Crowcon’s New LaserMethane® mini Gen2 Detects Methane Leaks from up to 100 Metres away in Seconds
Crowcon Detection Instruments has launched its new LaserMethane® mini Gen2 (LMm) portable methane detector. Designed specifically to detect methane at distance of up to 100 metres in seconds, the ATEX approved, second generation LMm is changing the way methane leaks are detected. What used to be a time consuming and potentially hazardous procedure is now quick and easy.
Photo: http://halmapr.com/crowcon/LMmGen2-4.jpg (740 KB)
The LMm is very easy to operate. By pointing the device’s laser beam towards a suspected leak or survey line, such as a gas pipe or ceiling, the concentration of methane is measured by detecting the difference between the light emitted and the light received.
The device uses an innovative laser diode tuned specifically to the characteristics of methane, and the level is displayed on the ppm.m* readout. On start-up the instrument performs a self check and verifies the operation and calibration of the laser diode by referencing an inbuilt methane cell. This ensures consistent high performance, accuracy and reliability.
ATEX approval allows the LMm to be used in Zone 1 hazardous areas for on-plant use, in M2 mining applications, as well as detecting escapes in hard to reach or inaccessible areas such as roof spaces, pipelines crossing rivers or roads, fenced enclosures and landfill sites. This means there is no longer a need for personnel to put themselves at risk by entering suspected escape areas.
Not just portable, but truly handheld, the LMm weighs just 600g (1.3lbs), including the battery, and measures just 70mm x 179mm x 42mm (2.8 x 7 x 1.6 inches).
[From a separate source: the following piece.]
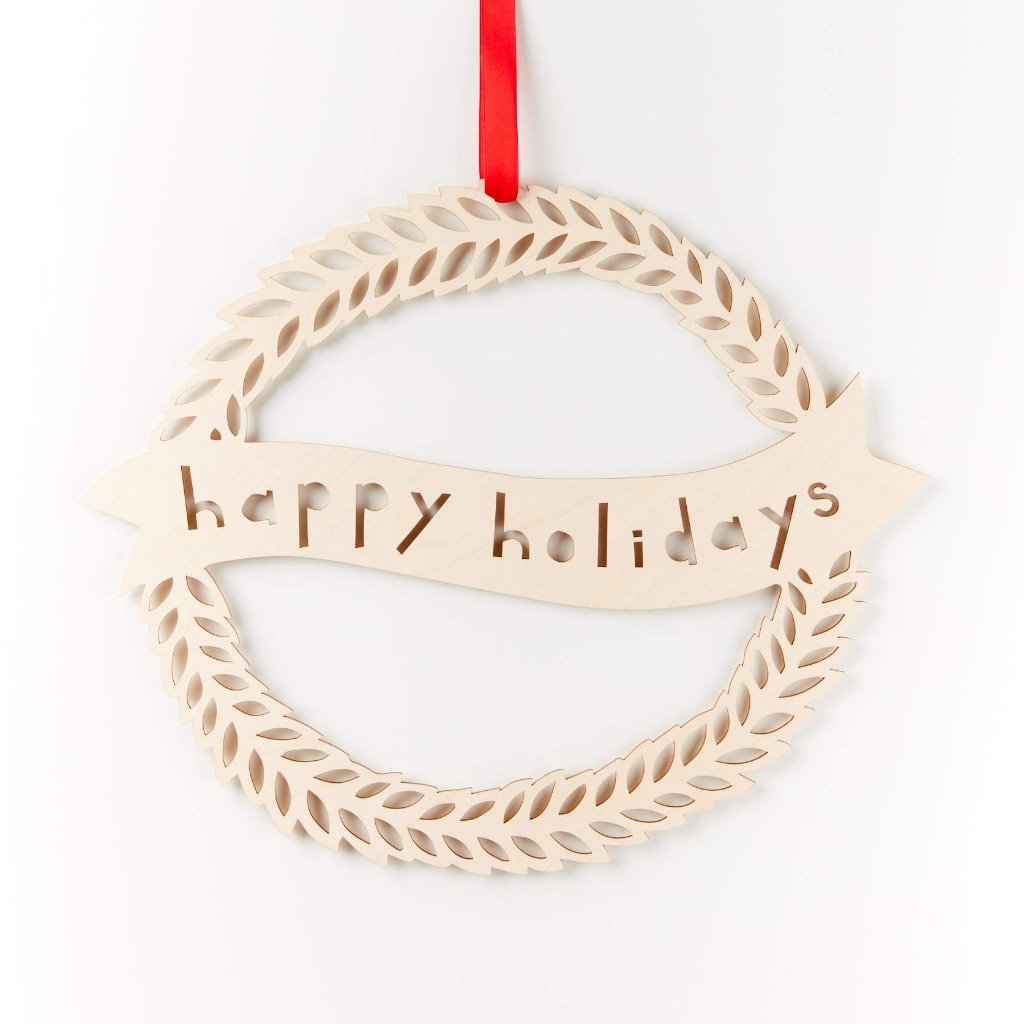 Happy Holidays Wreath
Features include a full colour numeric or graphical display, audio and visual alarms, six hours minimum battery life per charge (four hour recharge), IP54 ingress protection, automatic ranging and a wide operating temperature range of -17°C to +50°C (1°F to 122°F).
*ppm.m = parts per million metres. Unit of gas measurement showing the total amount of gas in the path of the laser beam between the unit and reflection point.